Linguaggio verbale: è la parola detta, “parlata”.
Linguaggio non verbale: sono tutti quegli aspetti che caratterizzano il come si parla (il tono della voce, lo
sguardo, la postura, i gesti, le espressioni del viso, la vicinanza…).
Il significato del messaggio viene trasmesso utilizzando contemporaneamente entrambi i canali: quanto più
linguaggio verbale e non verbale sono coerenti fra loro, tanto più il messaggio è chiaro (per esempio se uno
parla con un tono molto forte e aggressivo e mi dice di stare tranquillo, io non capisco bene cosa intende
dire). Il linguaggio verbale è più controllabile consapevolmente, quello non verbale è più spontaneo, più
legato agli aspetti emotivi: è il linguaggio di relazione.
Il contesto è la situazione dove avviene la comunicazione: riguarda sia lo spazio fisico, ma anche il contesto
sociale, temporale, l’episodio, la storia fra le persone, il tipo di relazione, ecc. Il contesto influenza i
significati che vengono attribuiti al messaggio (per esempio: se si ascolta una conversazione registrata, ma
non si conosce niente del contesto, è probabile che si capisca poco della conversazione).
CHE COSA COMUNICHIAMO? I PRINCIPI DELLA COMUNICAZIONE
Quando comunichiamo trasmettiamo non solo un contenuto (cosa diciamo), ma anche un significato (cosa
intendiamo dire o come il messaggio deve essere inteso). Il significato è legato non solo al contenuto del
messaggio, ma anche ad altri aspetti: il codice culturale a cui apparteniamo, le emozioni che sentiamo,
come valutiamo la persona che ci sta di fronte, le intenzioni che abbiamo nei suoi confronti, i nostri bisogni
e le aspettative…. In maniera consapevole o inconsapevole noi trasmettiamo diversi di questi significati nel
nostro messaggio: oltre al contenuto del messaggio, noi comunichiamo dei significati impliciti (messaggio
psicologico). Il messaggio psicologico può essere trasmetto sia attraverso il linguaggio verbale (le parole che
usiamo, come formuliamo il contenuto), sia a livello non verbale (atteggiamento, tono di voce…). Chi riceve
il messaggio non coglie tanto il contenuto, ma il messaggio psicologico (significato implicito) e ne attribuisce
a sua volta diversi significati.
Quanto più il contenuto esplicito (quello che dico) è coerente con il significato implicito (quello che
realmente penso o sento) , tanto più la comunicazione è efficace.
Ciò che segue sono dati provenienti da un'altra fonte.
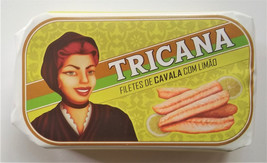 Tricana - Mackerel Fillets with Lemon - 5 tins x 120 gr - £35.34 GBP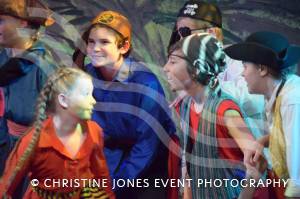 Peter Pan with Castaways Part 5 – June 2018: Team Peter from Castaway Theatre Group wowed the audiences at the Octagon Theatre with Peter Pan the Musical from May 31 to June 2, 2018. Photo 14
Ci sono due principi importanti che riguardano la comunicazione:
1. E’ impossibile non comunicare: la comunicazione è relazione, in ogni interazione tra due o più persone,
le persone comunicano qualcosa. Non è necessaria l’intenzionalità di trasmettere un messaggio, si
comunica comunque qualcosa.
2. Esistono due aspetti della comunicazione: il contenuto (cosa dico) e la relazione (come lo dico). La
relazione connota maggiormente il messaggio rispetto al contenuto. Il contenuto è più facilmente
controllabile consapevolmente; il cosa dico è più spontaneo, ha più a che fare con la sfera emotiva e
con alcune caratteristiche proprie della persona in quella situazione.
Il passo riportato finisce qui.